Bottom line: The MLB's tester completely screwed the pooch here. MLB should be mad. At him. 



Since: Mar 19, 2011
Posted on: February 24, 2012 1:30 pm
 

Brewers player rep: Testing problems in Milwaukee

Sure Bruan is probably guilty, but the testing protical was worked out between MLB and the Union.  The players have to follow the rules and so should MLB.  They didn't so Bruan gets off. Next time  follow the rules.



Since: Dec 23, 2006
Posted on: February 24, 2012 1:28 pm
 

Brewers player rep: Testing problems in Milwaukee

if MLB knew he tested positive ( maybe) and on Oct 19th notified him about what they found why didn't they test him again right away.....



Since: Dec 7, 2011
Posted on: February 24, 2012 1:21 pm
 

Brewers player rep: Testing problems in Milwaukee

sure he did it. whoever it was that acquitted him did not want baseball to admit that they had picked a cheater. i think baseball needs to police this more. it isnot fair to babe ruth and other old-timeers to have their record assulted by cheaters.



Since: Dec 18, 2006
Posted on: February 24, 2012 1:19 pm
 

Brewers player rep: Testing problems in Milwaukee

Let's see... Braun plays for the Milwaukee Brewers..... Bud Selig the commissioner owned the Brewers.... now there is a "problem" with chain of evidence related to the sample.  Conspiracy.... I think so.  How can a steel mill in Ohio, PA or any other region have better protocols for drug than the MLB?  Go visit AK Steel or any other mill and they will drug test you.  It's done every day and done properly.  I smell cover up!



Since: Nov 14, 2006
Posted on: February 24, 2012 1:18 pm
 

Brewers player rep: Testing problems in Milwaukee

So basically, he took PED and lawyered his way out of it because the nascent testing setup isn't used to dealing with Johnny Cochran nonsense.

To say that Ryan Braun didn't take PEDs is to say that his tester deliberately tainted his sample before sending it, or that someone broke into his house and did it. That would be borderline absurd even in a court of law; you might be able to get a jury to buy that or you might not, depending on the circumstances.
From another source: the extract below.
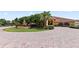 A circle drive with brick pavers leads to a well landscaped home with a fountain centerpiece at 5056 Harbour Dr, Oxford, FL 34484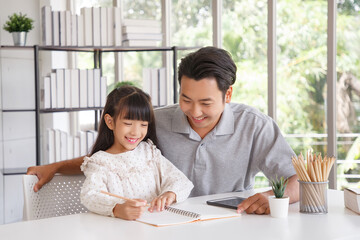 Children education and home school concept : Young asisn father pleased to see little daughters' study success. Excited smiling small child girl enjoying learning and writing with pleasant dad at home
But this is not a court of law, it's a prviate company's drug testing regime.



Since: Jul 8, 2009
Posted on: February 24, 2012 1:16 pm
 

Brewers player rep: Testing problems in Milwaukee

This article says the sample sat in a tester's fridge for 48 hours.  Other stories I've read said it was in a courier's fridge for 24 hours.  Anyone else see what some of the problems are?  MLB needs to tighten its reins and have an outside firm that is responsble for the notification, collection, testing, and result stages of each taste.  As for Braun, either everyone knew he was taking something and so the test was purposely left in a fridge for the purpose of an appeal OR he's the luckiest guy on earth (next to the photographers for the swimsuit issue).  Regardless he's in camp and opponents for those first 50 games now have a tougher task at hand b/c he'll be pissed and want to show on the field that he clean and drug free.



Since: Sep 5, 2006
Posted on: February 24, 2012 1:14 pm
 

Brewers player rep: Testing problems in Milwaukee

wow...random post deletions? Can anyone explain why a post that had no offensive ideas or language just gets hammered?


Seems to me that this is the great conspriacy theory...  



Since: Aug 26, 2006
Posted on: February 24, 2012 1:11 pm
 

Brewers player rep: Testing problems in Milwaukee

You are presupposing that all tests are done correctly and that no mistakes are possible.  That assumption is flawed from the onset.